2 of 2 people found the following review helpful
4.0 out of 5 stars Good Campaign Narrative 8 Jun 2001
By R. A Forczyk - Published on Amazon.com
Format:Paperback|Verified Purchase
First Ypres 1914, David Lomas' sequel to his earlier Mons 1914, is a decent summary of the relatively neglected period of October-November 1914 in Belgium. During this period after the Battle of the Marne, the British Expeditionary Force (BEF) fought the Germans to a standstill over a fairly small patch of Belgian mud, thereby denying the Germans access to the Channel ports. However in the process, the old pre-war British regular army was virtually destroyed. The BEF of 1914 was an elite force, but not designed for the grinding attrition warfare that was quickly developing on the Western Front.
The weakest part of this volume is the early sections on opposing commanders, opposing armies and opposing leaders. David Lomas seems to feel that he has done his duty in regard to this vital introductory sections by jotting down a few paragraphs and moving on. For example, the section on leaders barely amounts to one page of text and only comments on army-level commanders like Sir John French. Similarly, the section on opposing armies is far too brief. The Indian Corps that was dispatched to the Western Front was significantly different in training from the remainder of the BEF and this should have been highlighted in this section. Although the extensive order of battle partly covers up the deficiencies of this section, it is skimpy on the French. Opposing plans are also covered in far too brief a section.
Clearly the author has put all his effort into the campaign narrative itself, and as in his earlier Mons 1914, the operational summary is quite good. Excellent maps and photos add value to this account of First Ypres.
4 of 5 people found the following review helpful
4.0 out of 5 stars Good detail for modelers 31 May 2000
By Amazon Customer - Published on Amazon.com
Format:Paperback
In the usual 96-page format, with excellent 3D maps showing different moments of the battle, and plenty of black and white period photos as well as color drawings of the soldiers and equipment, this book gives a nice overview of the first Ypres battle. If you want detail, check the four pages long "Order of Battle"!
You could also get Osprey's "THE OLD CONTEMPTIBLES" for more information on the BEF.
4.0 out of 5 stars Excellent Overview of this Brutal Battle 6 July 2013
By Mike Dillemuth - Published on Amazon.com
Format:Paperback|Verified Purchase
The author, David Lomas, does a nice job of presenting a high level overview of this battle. This book was written in the early format of the Osprey Campaign series. As such, it contains sections of marginal interest to the average reader. For example, it has a seven page chapter on war gamming and an eight page chapter on the Order of Battle. These fifteen pages could have been better utilized for additional photographs, a more detailed narrative, or a chronology. Nevertheless, the book does contain numerous photos that definitely add to the text.

The narrative is very well done. Although most of the action is told from the British side, there is some information on the German perspective. First Ypres was a complex battle with action taking place on several fronts. The battle itself lasted from 10 October to 22 November 1914. The author does an effective job of describing each engagement in an easy to follow style.

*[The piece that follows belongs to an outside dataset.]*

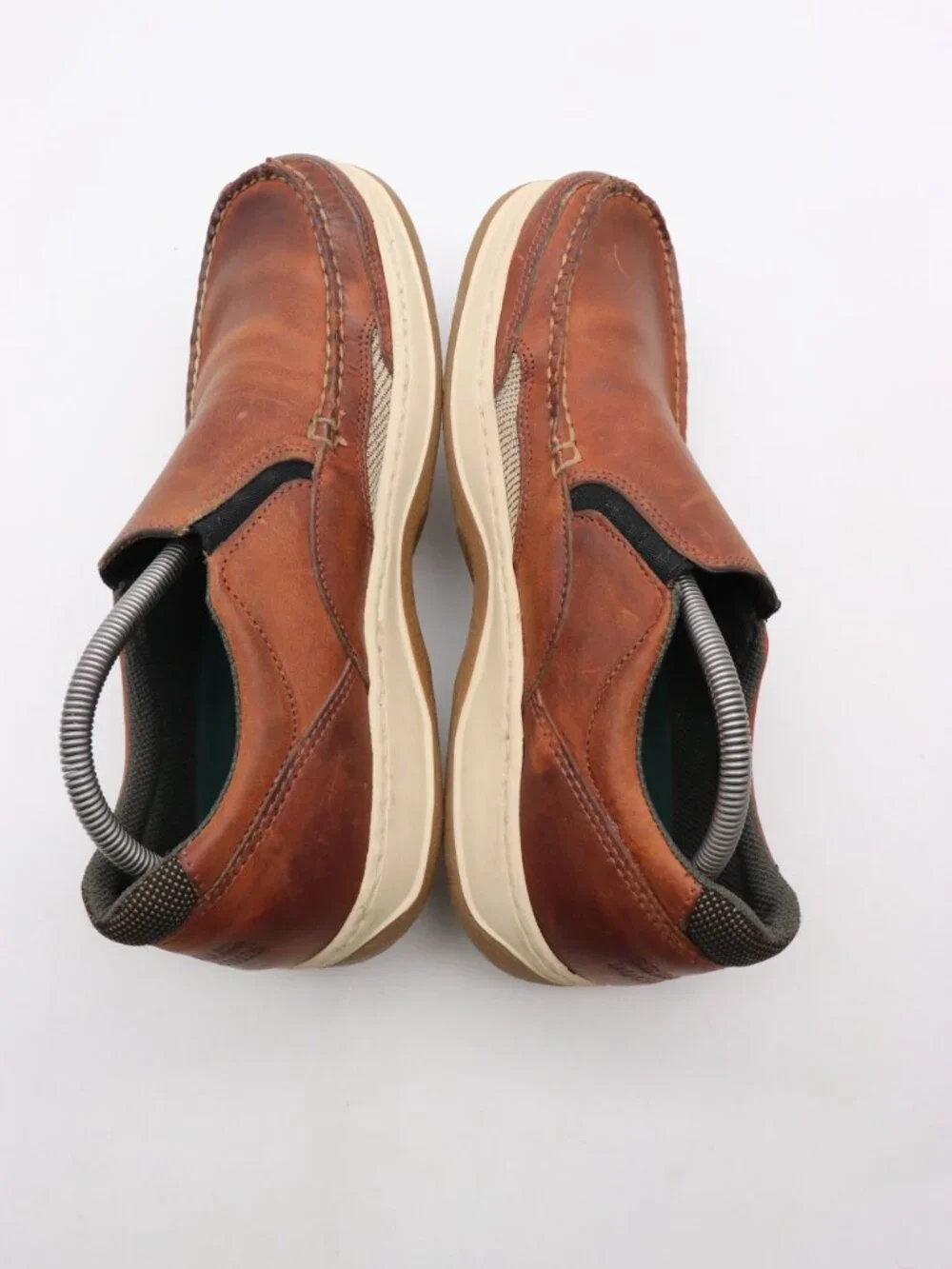 Sebago Docksides Brown Leather Men’s Size 10.5 M Slip On Loafers 7053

The author also did a great job of using the maps to clarify the narrative. The book has six 2D tactical maps and three 3D Birds Eye View maps. The 2D maps have numerous markers with the associated note off to the side. In addition, each map note starts with a date. The 3D BEV maps then add additional detail for a particular engagement. By using the maps in concert with the narrative, the reader can clearly follow the action.

Bottom line: This book provides a concise overview of the Campaign. It suffers from the old Osprey format in that several pages are wasted on topics of minimal value. Still, the photos are great and the maps add clarity to what could be a confusing and complex battle. Although not a great book, every reader will come away with a much better understanding of this campaign.